Prosedur Penanganan Pengaduan
Pengaduan berbagai kasus pelanggaran hak asasi manusia
yang disampaikan oleh masyarakat baik yang datang secara langsung ke Komnas HAM
maupun melalui surat, ditangani oleh Komnas HAM sesuai dengan fungsi pemantauan
maupun mediasi. Bentuk-bentuk
pelanggaran hak asasi manusia yang diadukan oleh masyarakat yang selama ini
terjadi hampir di seluruh daerah meliputi pelanggaran hak sipil dan politik
maupun pelanggaran hak ekonomi, sosial, dan budaya. Pengaduan terhadap adanya
pelanggaran ini dapat dilakukan baik secara langsung bertatap muka dengan
Komnas HAM maupun secara tidak langsung melalui surat. Dalam 2006 telah diterima sebanyak 3.372 pengaduan,
atau rata-rata 281 pengaduan setiap bulannya.

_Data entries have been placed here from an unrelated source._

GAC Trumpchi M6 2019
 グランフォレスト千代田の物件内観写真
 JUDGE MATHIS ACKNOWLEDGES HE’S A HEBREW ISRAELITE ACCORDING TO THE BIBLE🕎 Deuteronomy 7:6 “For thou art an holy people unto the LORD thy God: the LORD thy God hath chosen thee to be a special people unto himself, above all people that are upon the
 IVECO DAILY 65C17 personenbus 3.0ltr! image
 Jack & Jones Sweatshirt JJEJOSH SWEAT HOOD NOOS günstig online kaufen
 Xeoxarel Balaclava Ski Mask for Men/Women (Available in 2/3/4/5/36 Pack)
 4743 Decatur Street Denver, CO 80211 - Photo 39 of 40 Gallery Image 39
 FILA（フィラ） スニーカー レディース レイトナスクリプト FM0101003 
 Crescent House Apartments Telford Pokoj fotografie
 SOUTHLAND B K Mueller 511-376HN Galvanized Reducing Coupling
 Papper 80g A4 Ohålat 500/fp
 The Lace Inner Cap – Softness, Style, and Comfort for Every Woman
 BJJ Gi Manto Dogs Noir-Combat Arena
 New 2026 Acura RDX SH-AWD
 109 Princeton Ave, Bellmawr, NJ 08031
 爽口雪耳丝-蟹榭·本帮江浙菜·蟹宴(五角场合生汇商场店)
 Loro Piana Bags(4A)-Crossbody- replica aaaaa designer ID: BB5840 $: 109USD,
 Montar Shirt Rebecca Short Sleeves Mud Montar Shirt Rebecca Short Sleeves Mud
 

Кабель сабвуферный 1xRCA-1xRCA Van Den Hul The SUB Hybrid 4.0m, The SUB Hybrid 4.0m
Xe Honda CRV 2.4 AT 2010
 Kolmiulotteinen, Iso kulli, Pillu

Seluruh pengaduan yang diterima dianalisis secara
intensif sesuai dengan ketentuan peraturan perundang-undangan yang berlaku.
Berdasar analisis tersebut diambil tindak lanjut yang diperlukan, baik dengan
meneruskan pengaduan tersebut kepada instansi pemerintah yang bersangkutan;
mengadakan peninjauan lapangan untuk memperoleh fakta lanjutan; menyarankan
diadakannya mediasi, atau, jika diduga ada pelanggaran HAM yang berat,
mengusulkan pembentukan tim ad hoc penyelidikan berdasar Undang-undang No 26
Tahun 2000 tentang Pengadilan Hak Asasi Manusia.